Components of Results of Operations

Net Sales. Online and offline sales represent two different sales channels for our products. Online is our primary sales channel as we generate net sales primarily from eCommerce sales of auto parts to individual consumers through our mobile-friendly website at www.carparts.com, our mobile app, online marketplaces, and our wholesale platform. Online marketplaces consist primarily of sales of our products on online marketplace websites, where we sell through online storefronts that we maintain on third-party owned websites such as eBay and Amazon. Our offline sales channel represents our distribution of products directly to commercial customers by selling auto parts to collision repair shops through our wholesale platform. Our offline sales channel also includes both stock ship distribution as well as drop ship programs for automotive warehouse distributors and other online resellers. The product mix includes the majority of our house brands stock ship parts, which includes replacement parts, hard parts (maintenance and repair components), other parts (performance upgrades) and specialty products across domestic and import vehicle applications.

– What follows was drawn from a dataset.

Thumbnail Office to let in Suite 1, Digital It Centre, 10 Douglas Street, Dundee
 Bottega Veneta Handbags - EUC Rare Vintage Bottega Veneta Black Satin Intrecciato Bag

Cost of Sales. Cost of sales consists of the direct costs associated with procuring parts from suppliers and delivering products to customers. These costs include direct product costs, outbound freight and shipping costs, warehouse supplies and warranty costs, partially offset by purchase discounts. Depreciation and amortization expenses are excluded from cost of sales and included in operating expense.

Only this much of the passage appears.